Speaker: Dr Robin Mitra (UCL)
Abstract: Synthetic data methods are being increasingly used to protect data confidentiality. Large sparse categorical data sets pose some significant challenges for synthesis which makes many traditional methods unsuitable. We explore using saturated count models for synthesis. These are appealing as they allow large categorical data sets to be synthesized quickly and conveniently, as well as permitting risk and utility metrics to be satisfied a priori, that is, prior to synthetic data generation. Most well-known count models for synthesizing categorical data at the tabular level tend to utilise either Poisson or Poisson-mixture distributions. However, the latter are always over-dispersed, with a variance that is an increasing function of the mean.
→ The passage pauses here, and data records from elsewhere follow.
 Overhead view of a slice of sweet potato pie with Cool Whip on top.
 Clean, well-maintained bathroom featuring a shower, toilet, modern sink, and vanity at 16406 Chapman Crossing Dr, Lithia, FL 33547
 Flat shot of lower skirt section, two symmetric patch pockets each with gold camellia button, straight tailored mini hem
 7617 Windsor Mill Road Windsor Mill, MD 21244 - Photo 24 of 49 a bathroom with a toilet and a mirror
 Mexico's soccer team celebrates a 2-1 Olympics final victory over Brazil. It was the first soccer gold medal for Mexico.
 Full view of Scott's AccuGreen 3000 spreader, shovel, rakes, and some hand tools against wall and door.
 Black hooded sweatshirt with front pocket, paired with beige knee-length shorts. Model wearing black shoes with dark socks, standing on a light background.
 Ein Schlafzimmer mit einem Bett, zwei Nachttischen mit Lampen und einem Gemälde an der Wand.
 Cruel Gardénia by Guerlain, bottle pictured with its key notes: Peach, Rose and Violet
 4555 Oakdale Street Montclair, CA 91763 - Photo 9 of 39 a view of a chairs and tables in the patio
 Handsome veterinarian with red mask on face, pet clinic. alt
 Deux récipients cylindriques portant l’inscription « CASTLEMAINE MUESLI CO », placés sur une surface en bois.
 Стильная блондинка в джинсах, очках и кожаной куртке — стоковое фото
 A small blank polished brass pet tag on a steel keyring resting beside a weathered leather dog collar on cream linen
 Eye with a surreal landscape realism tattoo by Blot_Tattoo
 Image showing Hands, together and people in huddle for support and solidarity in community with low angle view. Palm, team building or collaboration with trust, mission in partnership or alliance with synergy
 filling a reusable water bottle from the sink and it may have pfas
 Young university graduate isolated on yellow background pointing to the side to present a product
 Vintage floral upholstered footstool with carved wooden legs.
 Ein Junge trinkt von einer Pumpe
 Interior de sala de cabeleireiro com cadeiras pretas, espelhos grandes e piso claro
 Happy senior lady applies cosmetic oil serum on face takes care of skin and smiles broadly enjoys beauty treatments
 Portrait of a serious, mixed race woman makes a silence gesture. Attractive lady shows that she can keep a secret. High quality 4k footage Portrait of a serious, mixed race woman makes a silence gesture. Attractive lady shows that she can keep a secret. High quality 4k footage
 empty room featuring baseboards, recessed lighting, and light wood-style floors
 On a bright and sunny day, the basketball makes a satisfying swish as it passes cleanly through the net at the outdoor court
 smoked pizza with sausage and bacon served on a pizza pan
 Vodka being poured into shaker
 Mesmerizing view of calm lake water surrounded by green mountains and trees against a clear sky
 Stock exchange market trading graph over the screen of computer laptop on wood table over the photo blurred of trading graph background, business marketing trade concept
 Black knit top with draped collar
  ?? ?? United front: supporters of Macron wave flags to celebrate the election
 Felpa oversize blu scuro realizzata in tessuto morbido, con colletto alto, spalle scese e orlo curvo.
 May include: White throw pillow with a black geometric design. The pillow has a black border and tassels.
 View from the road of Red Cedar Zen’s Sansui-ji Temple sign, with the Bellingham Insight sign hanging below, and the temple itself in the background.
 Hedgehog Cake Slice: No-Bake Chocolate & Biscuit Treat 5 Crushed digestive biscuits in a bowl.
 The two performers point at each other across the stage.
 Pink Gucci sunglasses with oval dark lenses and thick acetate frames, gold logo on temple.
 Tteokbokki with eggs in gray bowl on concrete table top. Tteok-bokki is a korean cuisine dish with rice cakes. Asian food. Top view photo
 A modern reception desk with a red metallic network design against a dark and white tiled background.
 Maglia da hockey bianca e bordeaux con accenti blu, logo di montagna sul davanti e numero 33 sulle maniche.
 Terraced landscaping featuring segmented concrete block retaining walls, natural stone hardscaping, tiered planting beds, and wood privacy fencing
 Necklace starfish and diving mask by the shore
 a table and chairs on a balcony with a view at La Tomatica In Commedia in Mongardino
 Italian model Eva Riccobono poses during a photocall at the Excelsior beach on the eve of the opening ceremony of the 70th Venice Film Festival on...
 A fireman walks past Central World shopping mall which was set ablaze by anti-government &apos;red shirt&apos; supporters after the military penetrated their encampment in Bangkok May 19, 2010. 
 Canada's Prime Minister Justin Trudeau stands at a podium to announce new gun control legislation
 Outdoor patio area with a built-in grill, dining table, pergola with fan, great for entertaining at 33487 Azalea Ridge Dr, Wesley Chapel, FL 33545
As a result, relatively more noise is applied to larger counts than smaller counts. But this is contrary to the objective of data synthesis, where larger counts are typically lower risk than smaller counts, and therefore require less perturbation. We thus additionally explore the benefits of using the discretized gamma family distribution (DGAF) for synthesis within the saturated model framework. The DGAF provides the synthesizer with control of the variance-mean relationship, allowing smaller counts to be over-dispersed and larger counts to be under-dispersed, which in turn produces synthetic data with greater utility. The benefits of the DGAF are illustrated empirically using a database which can be viewed as a good substitute to the English School Census.
Bio: Robin Mitra is an Associate Professor in Statistics at University College London and Research Theme Lead in Structured Missingness at the Alan Turing Institute. Prior to his appointment at UCL, he was a Senior Lecturer at Cardiff University, a joint appointment with the Office for National Statistics. His primary research interests are in Missing data and Data confidentiality, as well as Bayesian modelling more generally.